Like I write a rap section for Dolores in “We Don’t Talk About Bruno,” and the writers take that and leave that vibe for her throughout the film, and in turn the animation department thinks of this butterfly metaphor that is definitely inspired by García Marquez. And then I get to work on it as a song idea. You know you’re cooking on gas when you give each other a little bit of food.
This song makes me cry every time. Did you cry at all while writing?
Oh yeah. I always see myself as Tita in “Como Agua Para Chocolate” [“Like Water For Chocolate”]: I cry in the recipe.
I thought about my first serious relationship and how we were two people who loved each other very much, but the world was bigger and we were going in different directions. I definitely went there in my heart as I was writing it. You attract it all. And also times in your life when you were so afraid of change, and you have to trust that there is a reason that it is happening. That touches a deeper chord for me than even the themes as they appear in the film itself.
This is your second Oscar nomination, and if you did win, you’d be the 17th person to achieve EGOT status.
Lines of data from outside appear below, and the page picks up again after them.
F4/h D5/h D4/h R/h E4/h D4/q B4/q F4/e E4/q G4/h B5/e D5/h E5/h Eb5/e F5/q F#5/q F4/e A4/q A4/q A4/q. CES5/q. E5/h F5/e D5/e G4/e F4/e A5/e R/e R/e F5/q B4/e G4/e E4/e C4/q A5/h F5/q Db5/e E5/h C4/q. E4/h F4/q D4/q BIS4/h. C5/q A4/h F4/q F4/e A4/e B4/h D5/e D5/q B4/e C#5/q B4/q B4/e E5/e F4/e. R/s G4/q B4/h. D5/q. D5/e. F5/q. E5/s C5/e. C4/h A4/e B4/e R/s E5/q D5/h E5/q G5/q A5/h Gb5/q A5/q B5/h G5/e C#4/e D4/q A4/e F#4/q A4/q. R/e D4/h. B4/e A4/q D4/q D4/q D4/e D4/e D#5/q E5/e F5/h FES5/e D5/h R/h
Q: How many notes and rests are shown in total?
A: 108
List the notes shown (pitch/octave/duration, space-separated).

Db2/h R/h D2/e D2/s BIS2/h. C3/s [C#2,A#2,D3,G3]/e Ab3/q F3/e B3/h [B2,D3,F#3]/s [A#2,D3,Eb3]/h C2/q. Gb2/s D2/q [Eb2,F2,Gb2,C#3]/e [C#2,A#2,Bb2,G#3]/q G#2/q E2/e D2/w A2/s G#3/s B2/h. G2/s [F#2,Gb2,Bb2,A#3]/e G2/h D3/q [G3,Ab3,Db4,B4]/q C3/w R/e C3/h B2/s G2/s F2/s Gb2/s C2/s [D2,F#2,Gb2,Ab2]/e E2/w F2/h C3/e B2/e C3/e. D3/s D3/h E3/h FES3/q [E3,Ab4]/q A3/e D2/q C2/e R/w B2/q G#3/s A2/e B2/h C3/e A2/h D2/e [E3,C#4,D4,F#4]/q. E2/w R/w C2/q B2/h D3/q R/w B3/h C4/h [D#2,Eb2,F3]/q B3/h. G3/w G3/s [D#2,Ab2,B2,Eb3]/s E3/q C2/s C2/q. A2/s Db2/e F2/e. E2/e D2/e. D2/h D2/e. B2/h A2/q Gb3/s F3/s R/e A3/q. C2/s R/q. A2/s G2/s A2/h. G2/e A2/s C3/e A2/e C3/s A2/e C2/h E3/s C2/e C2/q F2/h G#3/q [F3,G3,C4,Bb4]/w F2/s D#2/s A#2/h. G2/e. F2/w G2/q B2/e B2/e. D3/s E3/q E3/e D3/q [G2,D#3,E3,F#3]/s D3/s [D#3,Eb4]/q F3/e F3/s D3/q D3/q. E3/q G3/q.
How does it feel?
On the one hand, it feels completely silly, because that’s a term popularized by “30 Rock,” which is hilarious for anyone to chase: that you’re chasing something that Tracy Jordan was after.
But on another level, it’s always special that artists vote on it. My fellow filmmakers, my fellow songwriters, the music industry. I’ve met some of those people, and they’re like the most incredible, wildly intelligent people who’ve made music that I love.